# Need help finding my autostart brand!



## Three25 (Oct 3, 2011)

Hey guys! I just moved to Alaska and purchased a truck from a fellow soldier. One of the great perks about the truck was the fact that it has remote start. He told me that before he deployed he had to remove the 30A fuses because it would randomly start on its own. I replaced those two fuses and I also had to replace the battery in the remote. The remote lights up, but none of the buttons are doing anything. I assume it may need to be reprogrammed, but this goes back to fact that I have no idea what kind of remote start this is! 

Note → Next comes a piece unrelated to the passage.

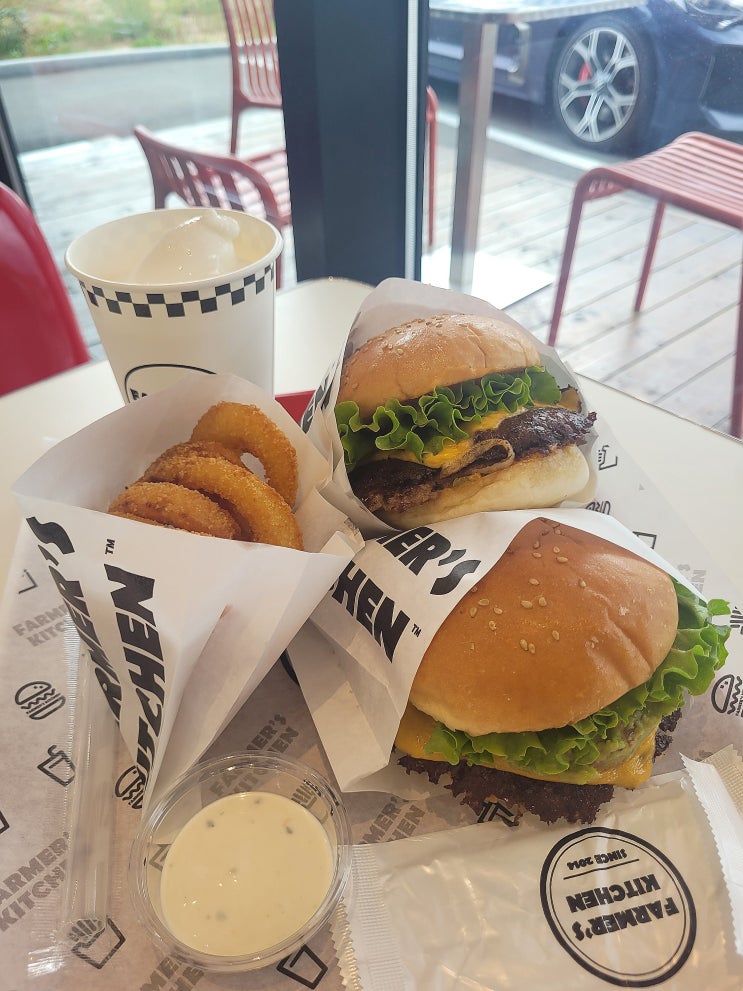  강릉 경포대 수제버거 맛집 '파머스 키친' 애견 동반 가능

I've spent a lot of time looking on the internet and asking friends to define what type of remote start this is. If anyone can point me in the right direction it would be great help. I'm getting ready to leave for pre-deployment training and I would love to get the auto start working for my wife before this cold winter hits. Here's some pictures:

Module under the dash
http://img43.imageshack.us/img43/5839/photorm.jpg

The remote
http://img822.imageshack.us/img822/2258/photo2hyn.jpg

Thank you guys for your help, I really do appreciate it!


----------



## jaggerwild (May 21, 2007)

Three25 said:


> Hey guys! I just moved to Alaska and purchased a truck from a fellow soldier. One of the great perks about the truck was the fact that it has remote start. He told me that before he deployed he had to remove the 30A fuses because it would randomly start on its own. I replaced those two fuses and I also had to replace the battery in the remote. The remote lights up, but none of the buttons are doing anything. I assume it may need to be reprogrammed, but this goes back to fact that I have no idea what kind of remote start this is!
> 
> I've spent a lot of time looking on the internet and asking friends to define what type of remote start this is. If anyone can point me in the right direction it would be great help. I'm getting ready to leave for pre-deployment training and I would love to get the auto start working for my wife before this cold winter hits. Here's some pictures:
> 
> ...


 Can't see to good, if you could get a better picture(with the harness side of it) when the last guy had it and it would start on its own, tells me it has voltage sensing and it start the car to stop it from having a low battery.


----------